How do you rate the staff’s performance? Do you invent any means to motivate them?
Our team members are professional and well-trained in social skills. They also possess an admirable teamwork spirit as well as self-motivation. They may lack knowledge about hotel operations and many other things, but that's okay because all of them can be dedicatedly trained. We view each other as brothers and sisters, encouraging each other to improve day by day.
In fact, you can see us as a simple match, since the blind and hearing-impaired already harbor potential strength and motivation, a small fire is all it takes to ignite the flame. Imagine living 25-30 years without a job, while being constantly bad-mouthed by people around you which gradually led to self-deprecating. Then all of a sudden, you're given a job that's no different from a normal person, how elated and motivated you'll be! It is not just about making money, but it also about showing people you are worth more than before.
In fact, through experience, I realize that the visually impaired and the deaf can always have the qualities of motivation, talent, and ability sufficient for work!
What is your viewpoint on the fate of the market that applies technology to assist the disabled in general and the visually-hearing impaired in particular both now and in the foreseeable future?
For the blind and hearing impaired, technology has always been their huge source of support, particularly when it comes to self-dependence. For example, a blind person previously had to rely much on their parents, siblings, or relatives to get around places. Now, with just a grab of their smartphone, they can book a Grab ride or any other ride-hailing services to go anywhere they want.

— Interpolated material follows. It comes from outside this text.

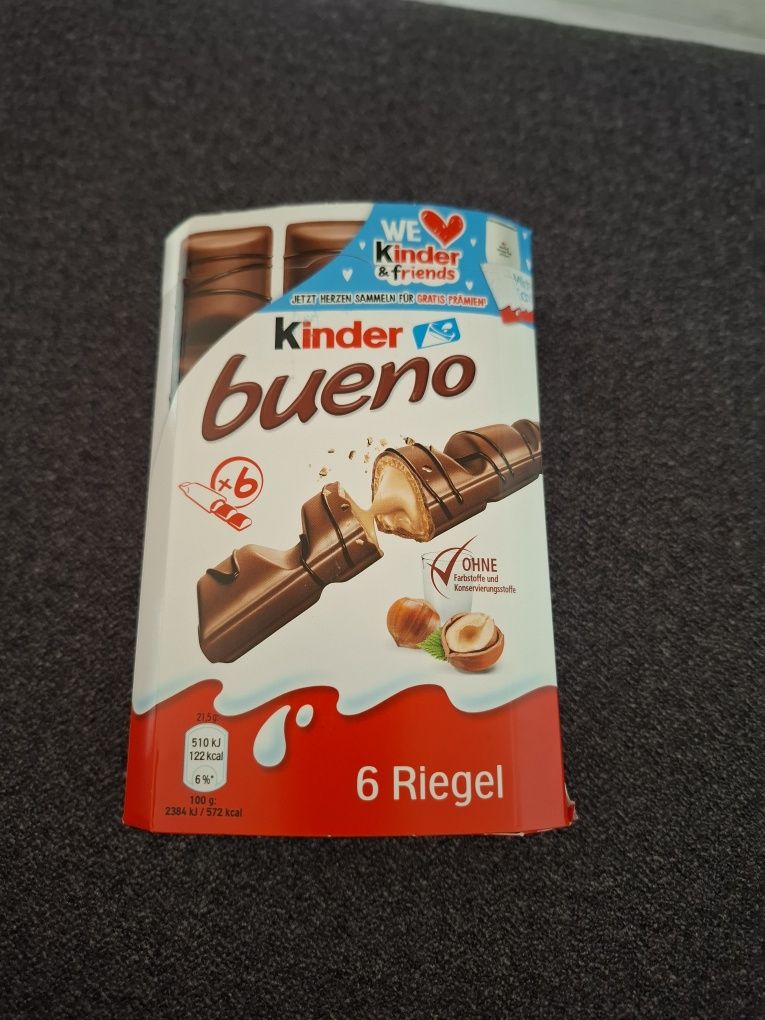 Kinder    bueno batony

For ordinary people with all five fully functional senses, technology advances have also been of great help to them. But for those with hearing or visual disabilities, such innovations are even more crucial. Take video calling and live streaming as an example. In the past, the deaf often had to use messaging services to communicate. But now thanks to camera and video function, they can communicate with others easily in sign language.
In all, technology is progressing and getting smarter day by day, if not hour by hour. I believe further research on technology will be carried out to provide products that serve more specialized subjects, namely the disabled.